TASK TO COMPLETE = The entries that follow should be repeated exactly, with no pictures kept.

EXERCISE DATA =
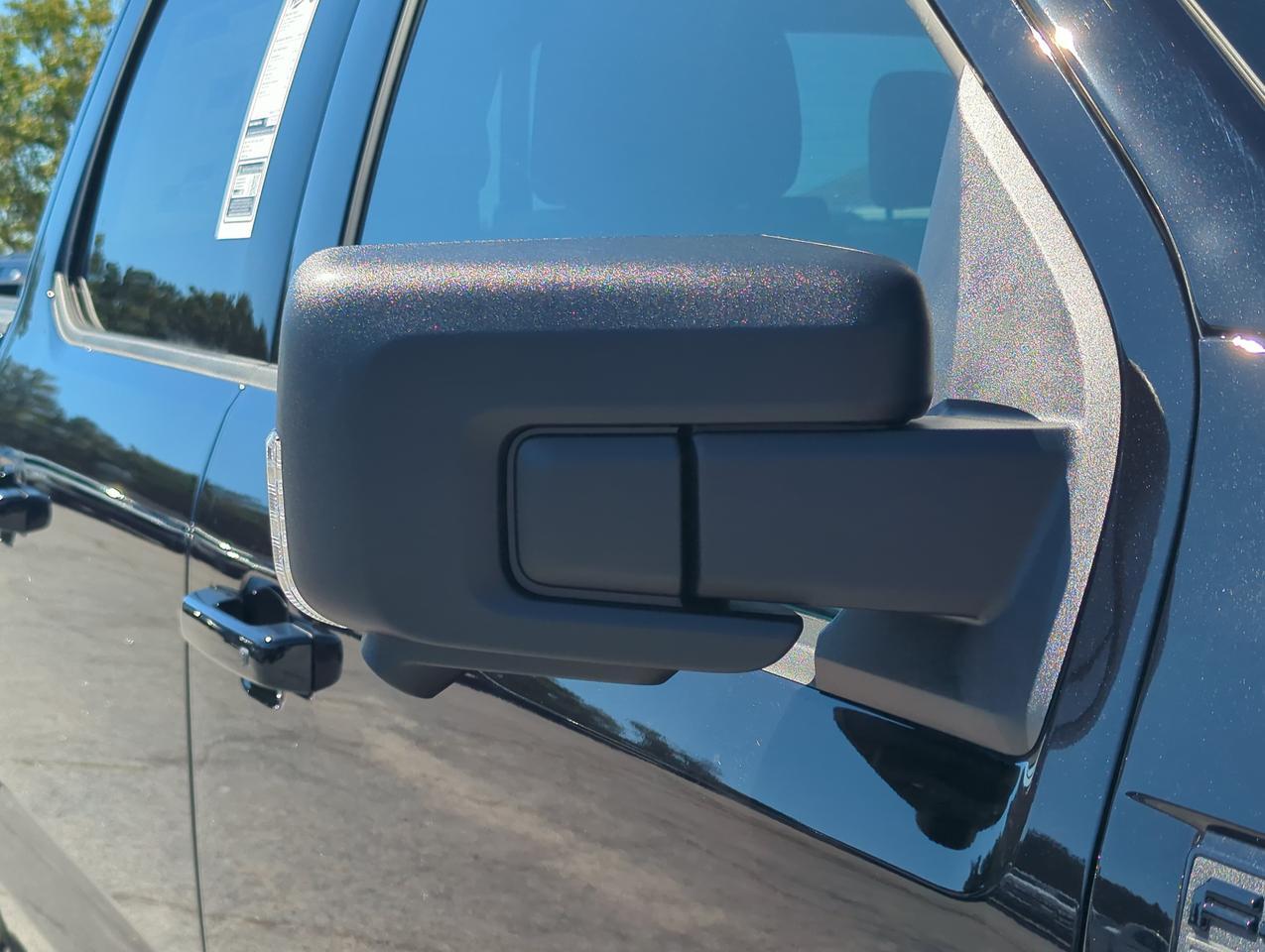 2026 Ford F-150 XLT Winder GA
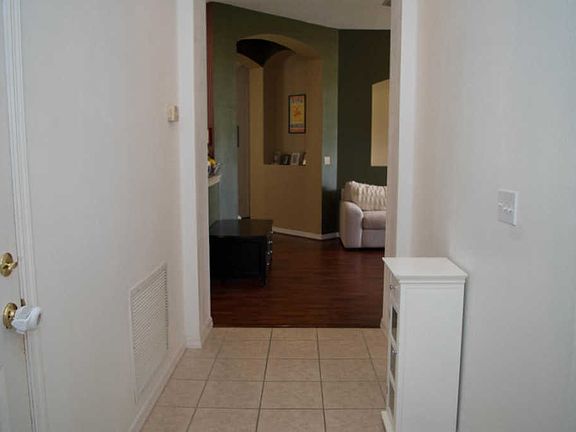 5th image of 6503 Shahab Ln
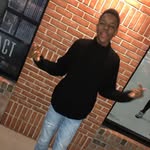 Arvele Hatcher - @istoleddbrklyn_ - Instagram
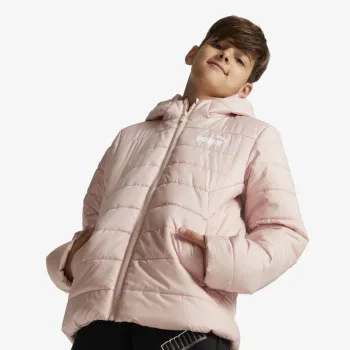 ESS PADDED JACKET 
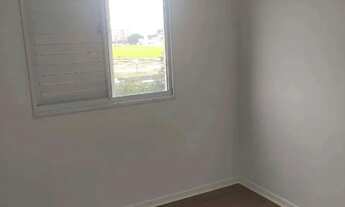 Imagem 7: Apartamento com 2 dormitórios à venda, 49 m² por R$ 349.900,00 - Vista Park Residencial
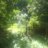 princecharming-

SOLUTION BELOW =
 2026 Ford F-150 XLT Winder GA
 5th image of 6503 Shahab Ln
 Arvele Hatcher - @istoleddbrklyn_ - Instagram
 ESS PADDED JACKET 
 Imagem 7: Apartamento com 2 dormitórios à venda, 49 m² por R$ 349.900,00 - Vista Park Residencial
 princecharming-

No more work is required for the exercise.